*** COLLECTED MATERIAL Section Begins ***

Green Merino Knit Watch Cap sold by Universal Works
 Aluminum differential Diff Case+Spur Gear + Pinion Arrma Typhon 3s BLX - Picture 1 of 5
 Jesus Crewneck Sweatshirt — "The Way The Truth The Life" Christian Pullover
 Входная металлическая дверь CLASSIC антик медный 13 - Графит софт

*** COLLECTED MATERIAL Section Ends ***

Nothing but the lines from the one containing "Aluminum differential Diff" through the last line of the data above should be given again, each exactly as it stands.

 Aluminum differential Diff Case+Spur Gear + Pinion Arrma Typhon 3s BLX - Picture 1 of 5
 Jesus Crewneck Sweatshirt — "The Way The Truth The Life" Christian Pullover
 Входная металлическая дверь CLASSIC антик медный 13 - Графит софт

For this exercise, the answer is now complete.